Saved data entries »
=======
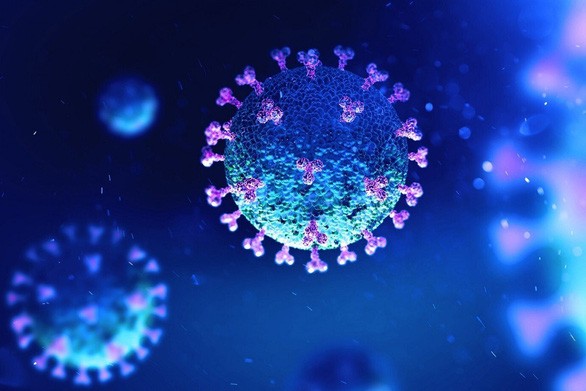 virus.jpg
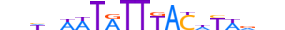 FOXC1.H13CORE.0.S.B motif logo (FOXC1 gene, FOXC1_HUMAN protein)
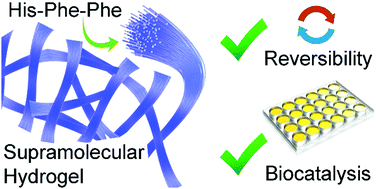 Graphical abstract: A biocatalytic and thermoreversible hydrogel from a histidine-containing tripeptide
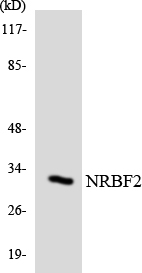 Anti-NRBF2 Antibody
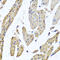 Mitochondrial Ribosomal Protein L12 antibody, 23-507, ProSci, Immunohistochemistry paraffin image 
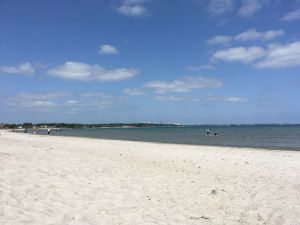 Mit ca. 12 Autominuten ist man am Hundestrand in Haffkrug. Aufgenommen im Mai 2023. - Bild 27: Urlaub mit Hund in Ostseenähe - komplett eingezäunter Garten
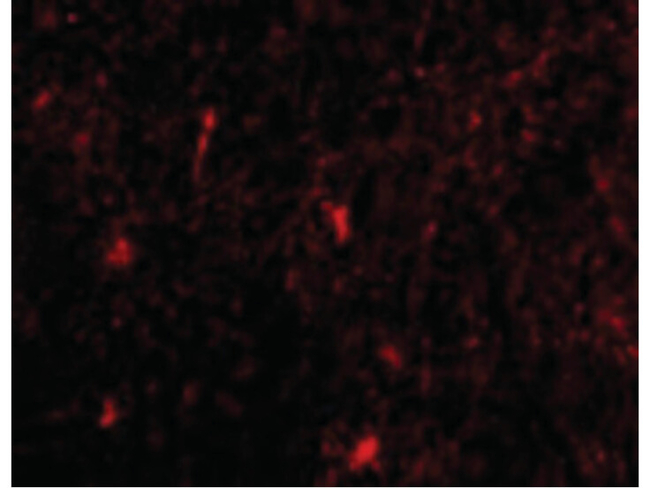 Nicastrin Antibody in Immunocytochemistry (ICC/IF)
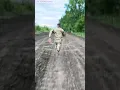 Download Lagu Diffusing unexploded bomb #shorts #video #viral #bomb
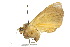  ( - 10ANIC-07338)  @12 [ ] CreativeCommons - Attribution (2010) CBG Photography Group Centre for Biodiversity Genomics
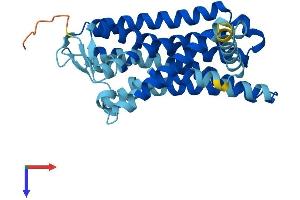 AlphaFold protein structure predicition of Human Recombinant OR2AG2 Protein, UniprotID A6NM03 (OR2AG2 Protein (AA 1-316) (His tag))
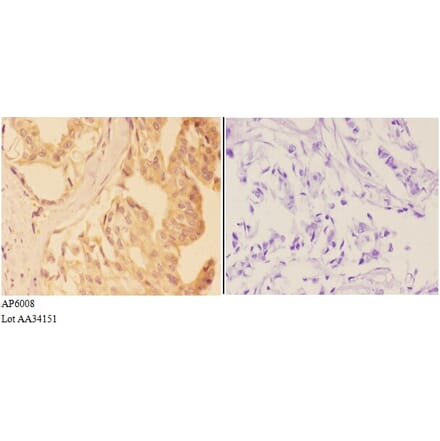 Anti-VNN1 Antibody from Bioworld Technology (AP6008) - Antibodies.com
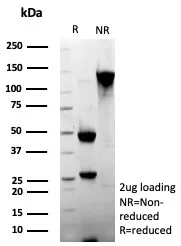 CLEC9A Antibody in SDS-PAGE.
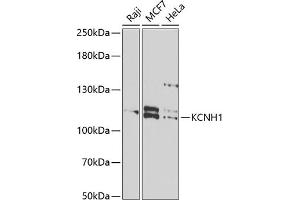 Western blot analysis of extracts of various cell lines, using KCNH1 antibody (ABIN6132044, ABIN6142711, ABIN6142712 and ABIN6222331) at 1:1000 dilution. (KCNH1 Antikörper  (AA 813-962))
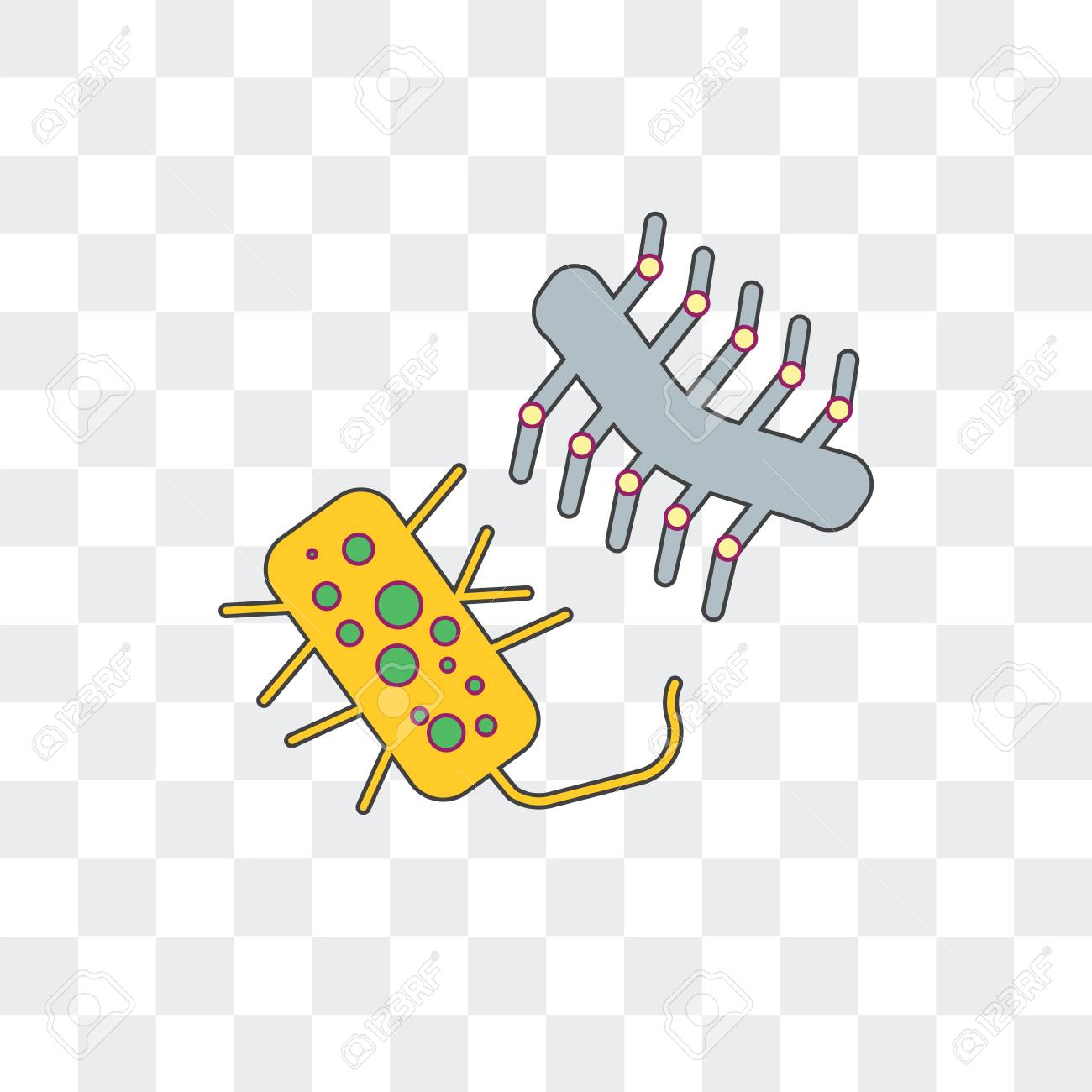 Detail Bacteria Transparent Background Nomer 45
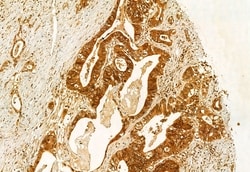 Invitrogen AdoHcyase 2 Polyclonal Antibody 100 &mu;L; Unconjugated:Antibodies,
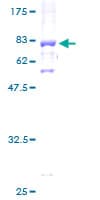Human FBXW2 Protein (Recombinant GST)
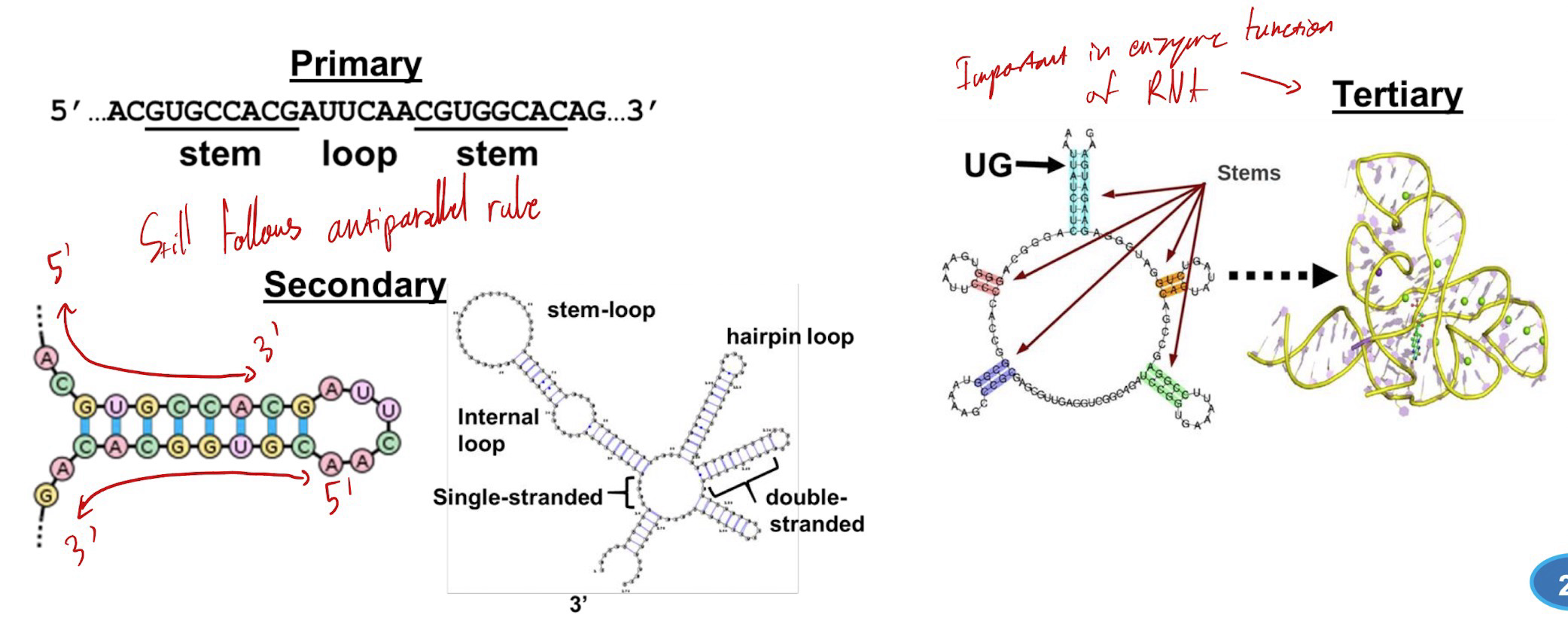 <p><strong>Secondary</strong> and <strong>tertiary structures</strong>; Similar to how protein is organized</p><p>Occurs as a result of internal base pairing</p><p>Primary structure is the linear form</p>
=======
EXERCISE DETAILS » Start with the line above containing "Invitrogen AdoHcyase 2" and end with the line containing "Human FBXW2 Protein (Recombinant GST)". Set down that stretch exactly, without any pictures.

ANSWER FOR THE TASK »
 Invitrogen AdoHcyase 2 Polyclonal Antibody 100 &mu;L; Unconjugated:Antibodies,
Human FBXW2 Protein (Recombinant GST)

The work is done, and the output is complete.